# Revisiting the idea of obtaining MVaR derivatives via component-wise mapping.

First, we need to re-implement the approximate derivatives. Then, we can compare
it with the finite-difference estimates.

In [107]:
from typing import List, Optional

import torch
from botorch.acquisition.multi_objective.multi_output_risk_measures import MVaR
from torch import Tensor


class DiffMVaR(MVaR):

    def make_diffable(self, prepared_samples: Tensor, mvar_set: List[Tensor]) -> List[Tensor]:
        r"""An experimental approach for obtaining the gradient of the MVaR via
        component-wise mapping to original samples.

        Args:
            prepared_samples: A `(sample_shape * batch_shape * q) x n_w x m`-dim tensor of
                posterior samples. The q-batches should be ordered so that each
                `n_w` block of samples correspond to the same input.
            mvar_set: A `(sample_shape * batch_shape * q)` list of `k x m`-dim tensor
                of MVaR values, where `k` is varies depending on the particular batch.

        Returns:
            The same `mvar_set` with entries mapped to inputs to produce gradients.
        """
        for batch_idx in range(prepared_samples.shape[0]):
            base_samples = prepared_samples[batch_idx]
            mvars = mvar_set[batch_idx]
            equal_check = mvars.unsqueeze(-2) == base_samples
            new_mvars_list = []
            for check in equal_check:
                p1 = base_samples[check[:, 0], 0].mean()
                p2 = base_samples[check[:, 1], 1].mean()
                new_mvars_list.append(torch.stack([p1, p2]))
            mvar_set[batch_idx] = torch.stack(new_mvars_list)
        return mvar_set


    def forward(self, samples: Tensor, X: Optional[Tensor] = None) -> Tensor:
        r"""Calculate the MVaR corresponding to the given samples.

        Args:
            samples: A `sample_shape x batch_shape x (q * n_w) x m`-dim tensor of
                posterior samples. The q-batches should be ordered so that each
                `n_w` block of samples correspond to the same input.
            X: A `batch_shape x q x d`-dim tensor of inputs.
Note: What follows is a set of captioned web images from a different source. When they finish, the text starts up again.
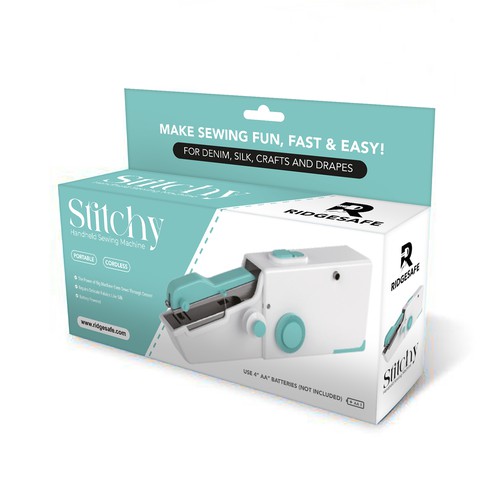 Portable Sewing Machine Packaging Box Design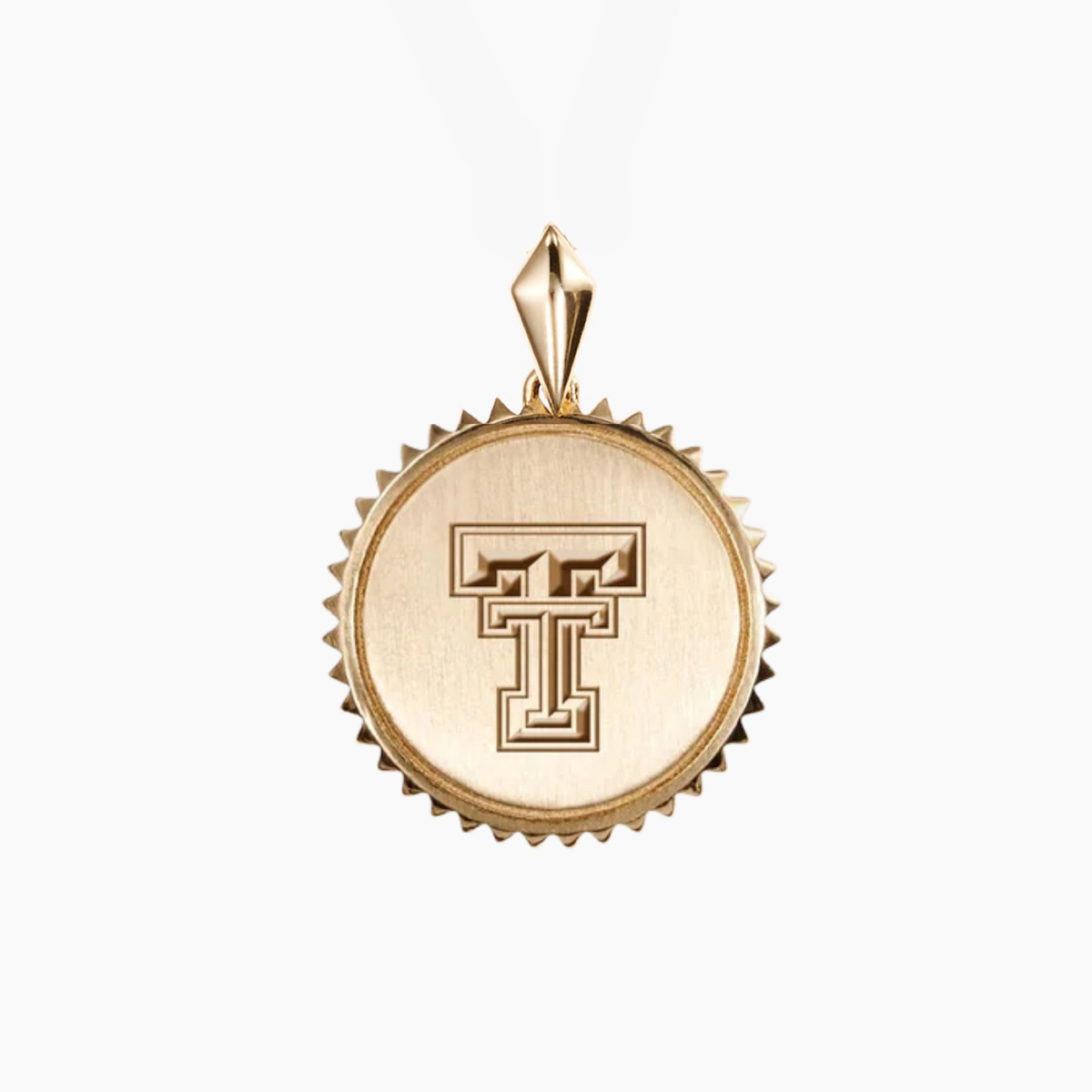 Texas Tech Sunburst Pendant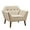 Beige, variant on Gracie Mills Frederick Lounge Chair GRACE-5385 Modern Comfort Design Padded Seat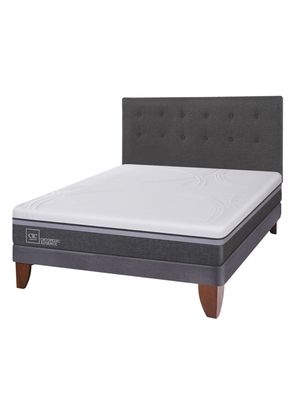 Cama Europea Ortopedic Advance 2 Plazas Base Normal + Respaldo Eufrates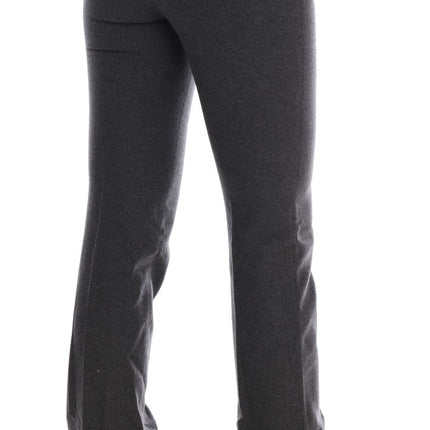 Ermanno Scervino Gray Wool Stretch Slim Pants
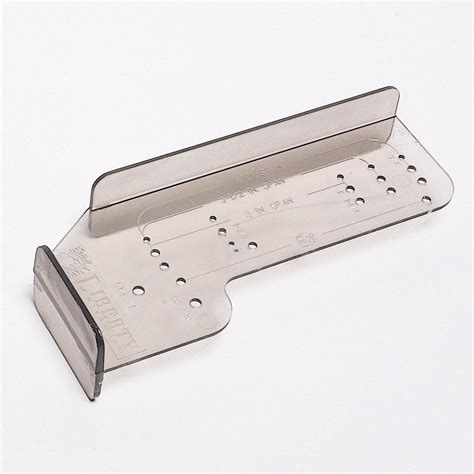 Cabinet handle template materials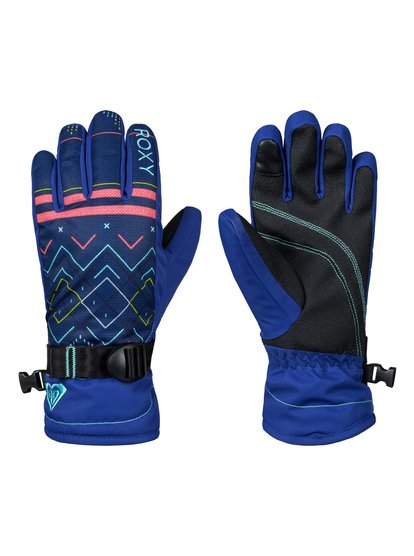 roxy, Сноубордические перчатки ROXY Jetty, SODALITE BLUE_ASTA FAIRISLE (byb9) ROXY Jetty - Snowboard/Ski Gloves ERGHN03011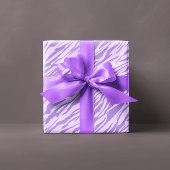 Lilac Zebra Pattern Geschenkpapier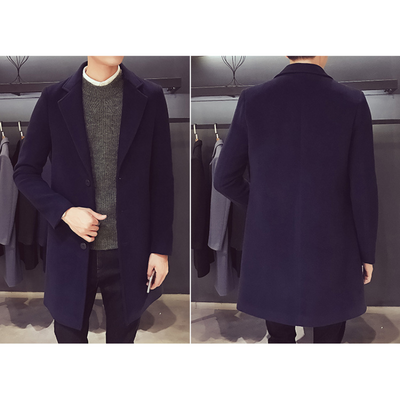 Odel | Men's Wool Coat Elegant Business Jacket - Office and Leisure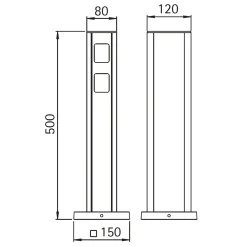 2105/6 Steckdosensäule Energie- & Steckdosensäulen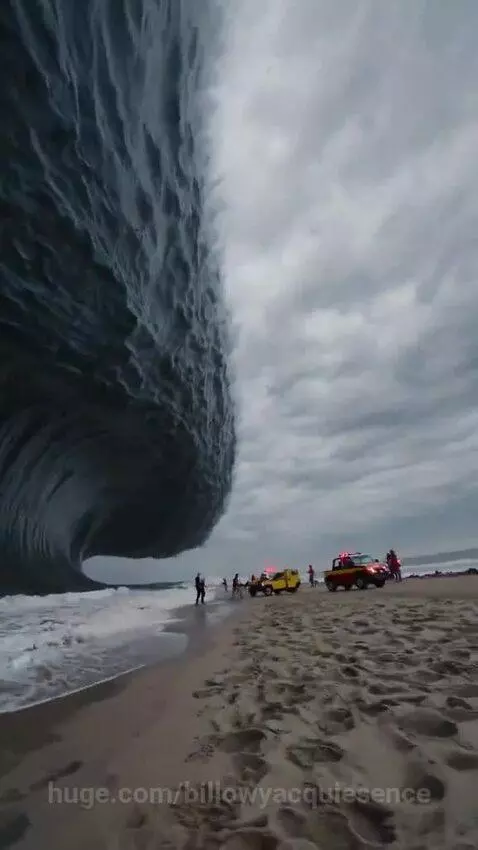 tsunami by billowyacquiesence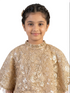Fawn Embellished Co-Ord Set for Girls – Organza Base Festive Party Wear Outfit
Ignored.

        Returns:
            A `sample_shape x batch_shape x q x m`-dim tensor of MVaR values,
            if `self.expectation=True`.
            Otherwise, this returns a `sample_shape x batch_shape x (q * k') x m`-dim
            tensor, where `k'` is the maximum `k` across all batches that is returned
            by `get_mvar_set_...`. Each `(q * k') x m` corresponds to the `k` MVaR
            values for each `q` batch of `n_w` inputs, padded up to `k'` by repeating
            the last element. If `self.pad_to_n_w`, we set `k' = self.n_w`, producing
            a deterministic return shape.
        """
        batch_shape, m = samples.shape[:-2], samples.shape[-1]
        prepared_samples = self._prepare_samples(samples)
        # This is -1 x n_w x m.
        prepared_samples = prepared_samples.reshape(-1, *prepared_samples.shape[-2:])
        # Get the mvar set using the appropriate method based on device, m & n_w.
        # NOTE: The `n_w <= 64` part is based on testing on a 24 core CPU.
        # `get_mvar_set_gpu` heavily relies on parallelized batch computations and
        # may scale worse on CPUs with fewer cores.
        # Using `no_grad` here since `MVaR` is not differentiable.
        with torch.no_grad():
            if (
                samples.device == torch.device("cpu")
                and m == 2
                and prepared_samples.shape[-2] <= 64
            ):
                mvar_set = self.get_mvar_set_cpu(prepared_samples)
            else:
                mvar_set = self.get_mvar_set_gpu(prepared_samples)
        if samples.requires_grad:
            mvar_set = self.make_diffable(prepared_samples, mvar_set)
        # Set the `pad_size` to either `self.n_w` or the size of the largest MVaR set.
        pad_size = self.n_w if self.pad_to_n_w else max([_.shape[0] for _ in mvar_set])
        padded_mvar_list = []
        for mvar_ in mvar_set:
            if self.expectation:
                padded_mvar_list.append(mvar_.mean(dim=0))
            else:
                # Repeat the last entry to make `mvar_set` `n_w x m`.
                repeats_needed = pad_size - mvar_.shape[0]
                padded_mvar_list.append(
                    torch.cat([mvar_, mvar_[-1].expand(repeats_needed, m)], dim=0)
                )
        mvars = torch.stack(padded_mvar_list, dim=0)
        return mvars.view(*batch_shape, -1, m)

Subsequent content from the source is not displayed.